To those with no familiarity with such codes, they might seem as meaningless as a mission statement. However, the point of a code of conduct is not to demand or to promise perfect obedience, but to keep everyone focused on their common goal — in the case of the community, the effort to build and maintain a completely free operating system. In practice, they allow small bits of waspishness, but avoid obsessive feuds.

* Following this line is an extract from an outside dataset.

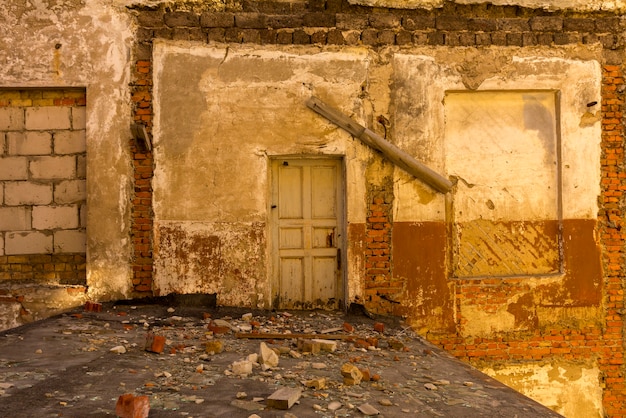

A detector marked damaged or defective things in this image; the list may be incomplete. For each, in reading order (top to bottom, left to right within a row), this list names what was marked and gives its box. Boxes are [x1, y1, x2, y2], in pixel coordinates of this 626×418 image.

rust stain on wall [390, 222, 454, 334]
broken brick [114, 394, 149, 416]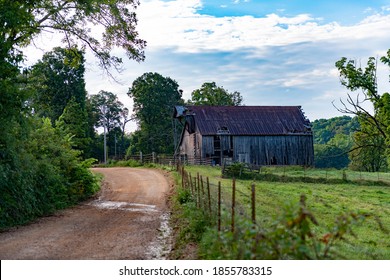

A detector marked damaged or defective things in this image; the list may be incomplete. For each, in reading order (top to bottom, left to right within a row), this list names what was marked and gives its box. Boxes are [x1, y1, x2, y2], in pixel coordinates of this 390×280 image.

rusty metal roof [184, 105, 312, 136]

Moreover, a person’s willingness to abide by a code of conduct provides a convenient indicator of how to regard or handle their comments. Those who refuse to subscribe to the code would be acknowledging that they place a low priority on common goals, and therefore are not worth listening to. Similarly, if someone subscribes to the code then breaks it, then the community has a common frame of reference to call them to account and to justify ignoring them.
The FOSS community is diverse enough that it can probably survive without a common code of conduct. However, the result might very well be like refusing to use a spam filter on your email: You can still function, but you have to spend an increasing amount of time dealing with annoying irrelevancies, and less time being productive.
I suggest that we use a code of conduct as a spam filter against this growing mean-spiritedness, then get on with more satisfying and important business.